(MENAFN - The Peninsula) The Supreme Council of Health (SCH) said yesterday that there were no new cases of MERS - Middle East Respiratory Syndrome - in Qatar but advised people to take precautions while dealing with camels.
The specialised laboratory at Hamad Medical Corporation (HMC) conducted tests on some 14,000 samples collected from humans and animals across the country as part of a nationwide survey on the disease.
Until now, nine confirmed cases of MERS have been detected in humans in the country and five of them have died.
Citing a recent survey, SCH there were more chances of people handling camels getting infected.
SCH will soon launch a campaign to raise awareness about the issue.
However, the risk of people dealing with camels getting infected by MERS is not a cause for fear as the disease wouldn't get severe.
A pilot survey by SCH and the Ministry of Environment says people once affected by MERS are immune to the infection.
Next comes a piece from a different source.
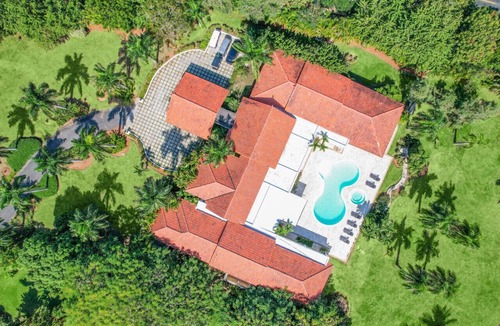 Casa de Campo Villa | Mangos 11A: Luxury retreat with pool, Jacuzzi, full staff & golf cart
The survey, in collaboration with World Health Organisation (WHO) and Erasmus Medical Centre in the Netherlands, was conducted to understand how MERS corona virus spreads, who is at the risk of being infected, and who actually get infected.
"Among people we examined, around 20 dealing with camels had signs of past infection, but very mild," Dr Mohammed Al Hajri, Head of Communicable Diseases Control Section, SCH, told a press conference held to discuss survey findings.
MERS cases are prevailing in camels in Qatar and evidence of virus has been found from camels from different locations.
The virus most frequently spreads from nasal secretions, but about 20 percent of virus-positive animals also shed virus from faeces, according to the survey.
"Some camels in Qatar have been found infected," said Dr Al Hajri, but did not disclose the number of cases.
However, the survey has not found if the detection of Ribonucleic acid (RNA) of the viral has a direct risk to human health, as it's not known if infectious virus is present in animal secretion, on carcasses or in the milk. Based on the findings of the survey, experts have advised people to take care of their personal hygiene and have properly cooked camel meet and milk.
Several preventive measures have been taken by SCH in coordination with WHO. They include being prepared to monitor suspected cases and take steps to prevent infection at all healthcare facilities.
People working at camel farms and slaughterhouses are advised to have good personal hygiene, with frequent hand washing after touching animals, facial protection as far as possible and to wear protective clothing, which should be removed after work and washed daily.
Workers are also advised to avoid exposing family members to work clothing, shoes, or other items that may have been exposed to camels or camel excretions.
Sick animals are not allowed to be slaughtered for consumption; in cases a particular animal has been tested positive for MERS, people should avoid direct contact with such animals.
Meanwhile, the GCC states have agreed to test camels for MERS when they are imported.
Camels will not be allowed to cross the border except those that have segments of tariff brackets and passports passage.
Therefore, no ban has been imposed on camel imports to Qatar from the other GCC states. But all camels arriving in Qatar are tested for MERS.
Any camel found with infection will be isolated for 30 days and re-examined. However, the Ministry of Environment has imposed a ban on camel imports from countries outside the GCC.
In December 2013, three camels were tested positive for MERS in Qatar. Between November 2013 and May 2014, nine people, including six Qataris, were found to be infected. Currently, no one is being treated for MERS in Qatar.